Tanrı haksızlara teslim ediyor beni, Kötülerin kucağına atıyor.
12 I was living in peace and he smashed me to pieces. He grabbed me by the neck and dashed me to pieces. He set me up as his target.
Ben rahat yaşıyordum, ama Tanrı paraladı beni, Boynumdan tutup yere çaldı. Beni hedef yaptı kendine.
13 His archers surround me. His arrows pierce my kidneys without mercy. He pours out my gall on the ground.
Okçuları beni kuşatıyor, Acımadan böbreklerimi deşiyor, Ödümü yerlere döküyor.
14 Like a wall he breaks me down, breach upon breach, rushing at me like a warrior.

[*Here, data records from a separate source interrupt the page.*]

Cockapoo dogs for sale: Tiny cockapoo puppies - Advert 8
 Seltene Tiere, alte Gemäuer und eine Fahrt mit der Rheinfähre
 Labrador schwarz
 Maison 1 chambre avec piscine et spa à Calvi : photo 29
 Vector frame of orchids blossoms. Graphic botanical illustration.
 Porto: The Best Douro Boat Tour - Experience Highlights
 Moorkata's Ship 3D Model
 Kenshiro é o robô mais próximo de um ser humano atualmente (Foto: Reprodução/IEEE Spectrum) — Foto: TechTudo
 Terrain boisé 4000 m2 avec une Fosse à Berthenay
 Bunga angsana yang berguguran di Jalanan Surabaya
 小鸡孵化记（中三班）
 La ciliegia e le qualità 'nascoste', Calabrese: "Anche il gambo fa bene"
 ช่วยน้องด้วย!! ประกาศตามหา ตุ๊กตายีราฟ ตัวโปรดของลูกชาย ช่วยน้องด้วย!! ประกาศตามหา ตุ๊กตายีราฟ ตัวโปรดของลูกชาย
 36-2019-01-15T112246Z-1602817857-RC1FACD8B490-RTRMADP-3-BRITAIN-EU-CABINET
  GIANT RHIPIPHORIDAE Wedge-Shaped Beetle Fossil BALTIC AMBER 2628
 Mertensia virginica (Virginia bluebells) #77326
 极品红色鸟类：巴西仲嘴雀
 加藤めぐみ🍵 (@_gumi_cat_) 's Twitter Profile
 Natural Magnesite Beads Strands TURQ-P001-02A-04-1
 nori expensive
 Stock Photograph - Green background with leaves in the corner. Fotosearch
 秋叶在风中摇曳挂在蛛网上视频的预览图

Bedenimde gedik üstüne gedik açıyor, Dev gibi üzerime saldırıyor.
15 I have sown sackcloth to cover my skin; my strength lies broken in the dust.
“Giymek için çul diktim, Gururumu ayak altına aldım.
16 My face is red from crying and dark shadows surround my eyes,
Ağlamaktan yüzüm kızardı, Gözlerimin altı morardı.
17 although I have done nothing wrong and my prayer is pure.
Yine de ellerim şiddetten uzak, Duam içtendir.
18 Earth, do not cover up my blood. May my cry find no place to hide.
“Ey toprak, kanımı örtme, Feryadım asla dinmesin.
19 Look, right now my witness is in heaven; the one who speaks for me is on high.
Daha şimdiden tanığım göklerde, Beni savunan yücelerdedir.
20 My friends scorn me, but my eyes pour out tears to God.
Dostlarım benimle eğleniyor, Gözlerim Tanrı'ya yaş döküyor;
21 I want my witness to speak for me with God as someone does for their friend.
Tanrı kendisiyle insan arasında İnsanoğluyla komşusu arasında hak arasın diye.
22 For in a few short years I shall go down that road from which I shall not return.
“Çünkü birkaç yıl sonra, Dönüşü olmayan yolculuğa çıkacağım.